A Rust application for capturing web pages via TOR with an integrated web interface.
- Integrated TOR Client - Uses Arti (Rust TOR implementation) for native TOR connectivity
- Web Interface - Dynamic HTMX-powered dashboard for managing captures
- Screenshot + HTML Capture - Full page screenshots and HTML source via headless Chrome
- IoT Bot User-Agents - Shodan, Censys, ZGrab, Masscan, Nmap, and 10+ others
- Scheduled Captures - Cron-based scheduling for automated captures
- Google Drive Upload - OAuth2 and Service Account support
- SQLite Storage - Local database for targets, captures, and configuration
- Security-First - DNS via TOR, WebRTC disabled, circuit isolation
- Rust 1.75+
- Chromium or Google Chrome
- Linux (tested on Ubuntu 22.04+)
# Clone the repository
git clone https://github.com/venantvr-security/Tor.Web.Capture.git
cd Tor.Web.Capture
# Build
cargo build --release
# Run
cargo run --release
# Or directly:
./target/release/tor.web.captureConfiguration file: config/default.toml
[web]
bind_address = "127.0.0.1"
port = 8080
[tor]
enabled = true
data_dir = "./data/tor"
new_circuit_per_capture = true
[capture]
storage_path = "./data/captures"
max_concurrent_captures = 3
default_viewport_width = 1920
default_viewport_height = 1080
[storage]
database_path = "./data/tor-capture.db"
[gdrive]
enabled = false
auto_upload = false-
Start the application:
cargo run --release
-
Open your browser to
http://127.0.0.1:8080 -
Add a target URL to capture
-
Click "Capture" or set up a schedule
graph TB
subgraph "Tor.Web.Capture"
subgraph "Frontend"
Browser["Browser<br/>HTMX"]
end
subgraph "Web Layer"
Web["tor-capture-web<br/>Axum + Templates"]
end
subgraph "Core Services"
Browser_Crate["tor-capture-browser<br/>Chrome CDP"]

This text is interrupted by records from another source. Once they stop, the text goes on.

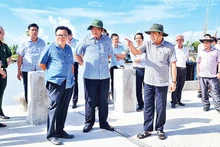 Lãnh đạo tỉnh Cà Mau kiểm tra tiến độ đầu tư xây dựng bến cá Khánh Hội, huyện U Minh, tỉnh Cà Mau. (Ảnh HỮU TÙNG) 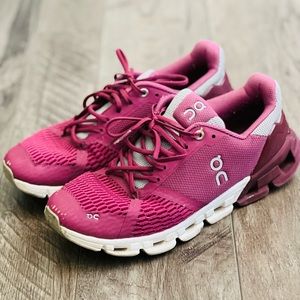 ON cloud magenta running shoes women’s 7.W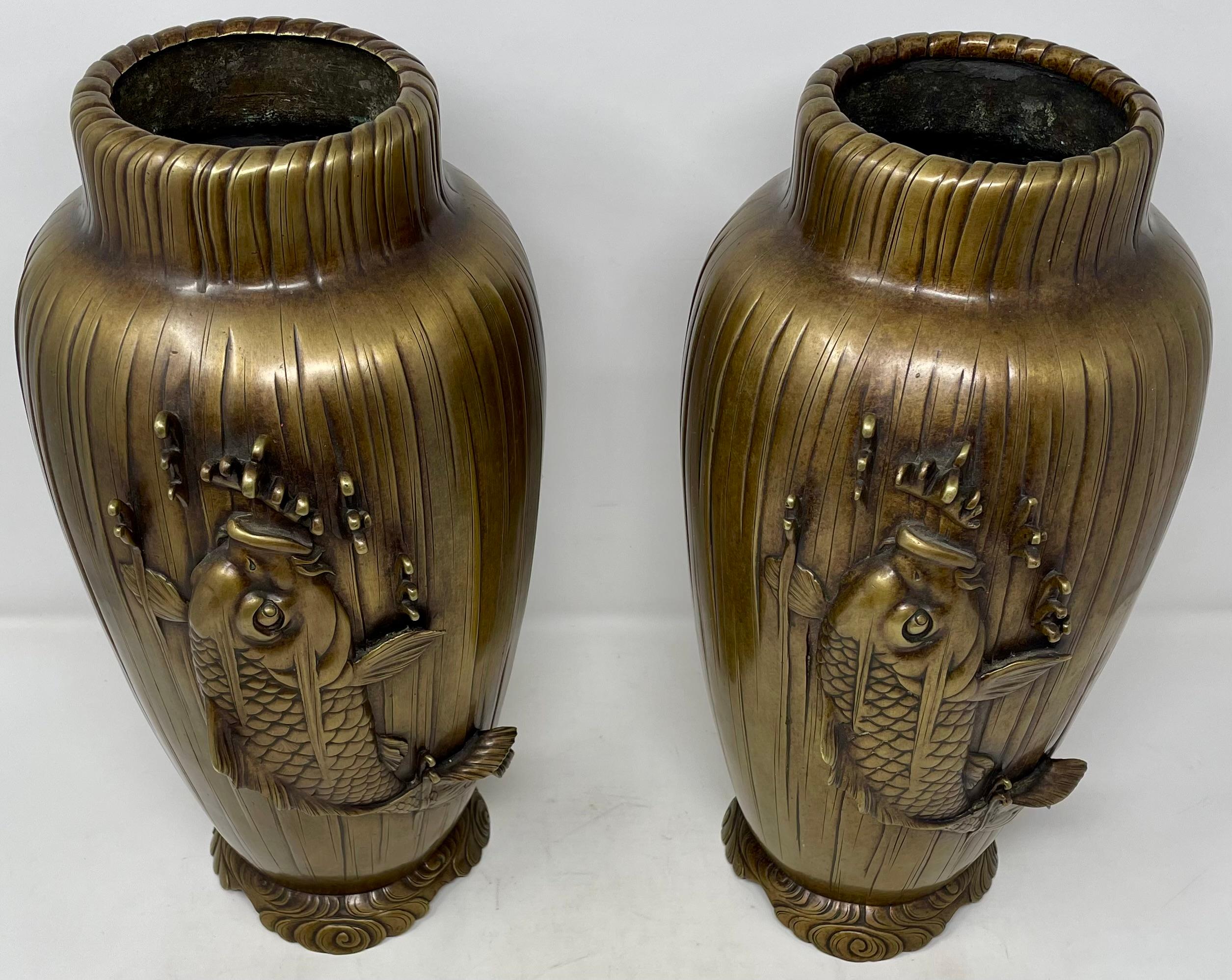 XIX secolo Coppia di antiche urne giapponesi in bronzo con pesci, circa 1890-1900. in vendita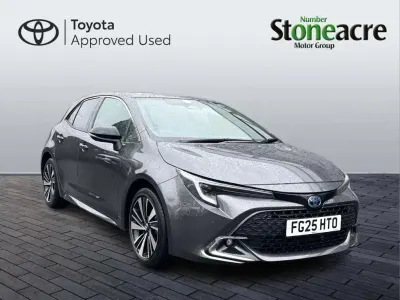 Used Toyota Corolla Design 140 HP (102 kW) 2025 Grey Hatchback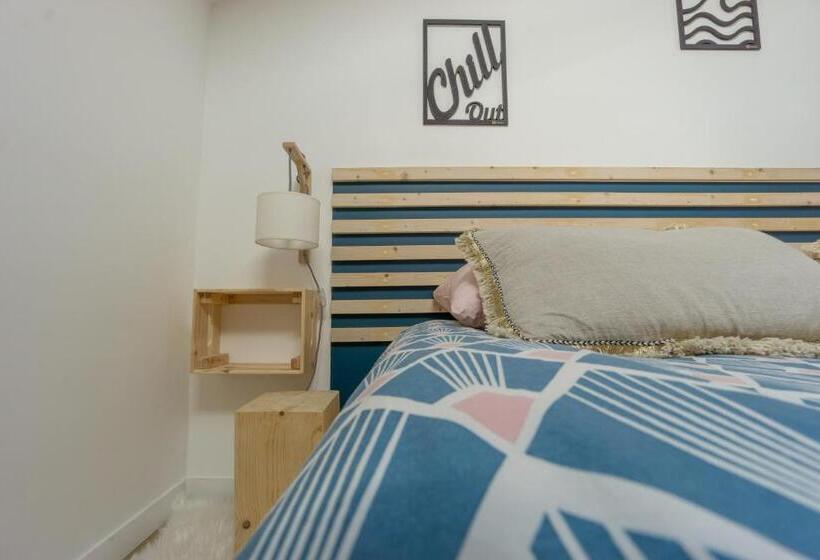 تختخواب و صبحانه Wood N Sea Surf Lodge   Auberge De Jeunesse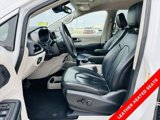 Certified 2022 Chrysler Pacifica Touring-L image 3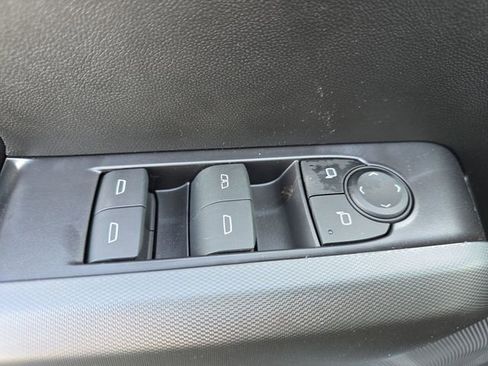 Used 2024 GMC Canyon Elevation w/ Convenience Package image 23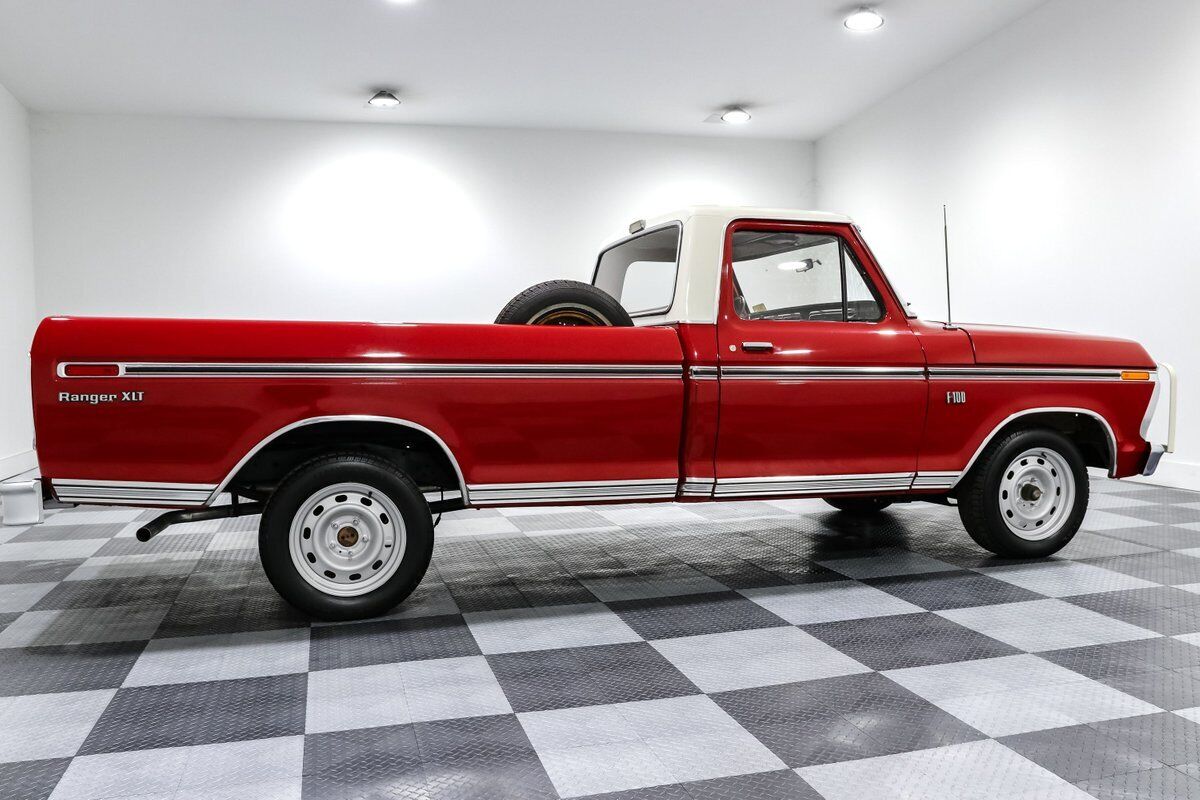 Ford-F-100-Pickup-1973-Red-Red-46328-8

Scheduler["tor-capture-scheduler<br/>Cron Jobs"]
Storage["tor-capture-storage<br/>SQLite + r2d2"]
end
subgraph "Network Layer"
Network["tor-capture-network<br/>Arti Client"]
end
subgraph "External Services"
GDrive["tor-capture-gdrive<br/>OAuth2 Upload"]
end
subgraph "Shared"
Core["tor-capture-core<br/>Models • Errors • Config"]
end
end
subgraph "TOR Network"
Guard["Guard Node"]
Middle["Middle Node"]
Exit["Exit Node"]
end
subgraph "External"
Target["Target Website"]
GoogleDrive["Google Drive"]
end
Browser <--> Web
Web --> Browser_Crate
Web --> Scheduler
Web --> Storage
Browser_Crate --> Network
Scheduler --> Network
Network --> Guard
Guard --> Middle
Middle --> Exit
Exit --> Target
Storage --> GDrive
GDrive --> GoogleDrive
Core -.-> Web
Core -.-> Browser_Crate
Core -.-> Network
Core -.-> Storage
Core -.-> Scheduler
Core -.-> GDrive
sequenceDiagram
participant User as User (Browser)
participant Web as Axum Router
participant Chrome as Chrome CDP
participant TOR as TOR SOCKS5
participant Target as Target Website
participant DB as SQLite
participant GDrive as Google Drive
User->>Web: POST /targets/{id}/capture
Web->>Chrome: capture_page()
Chrome->>TOR: Connect via SOCKS5
TOR->>Target: Request (anonymized)
Target-->>TOR: Response
TOR-->>Chrome: HTML + Assets
Chrome-->>Chrome: Take Screenshot
Chrome-->>Web: CaptureResult
Web->>DB: Save Capture
alt Auto-upload enabled
Web->>GDrive: Upload Screenshot
GDrive-->>Web: File ID
Web->>DB: Update with GDrive ID
end
Web-->>User: HTMX Partial (DOM Update)
graph BT
Core["tor-capture-core<br/>(models, errors, config)"]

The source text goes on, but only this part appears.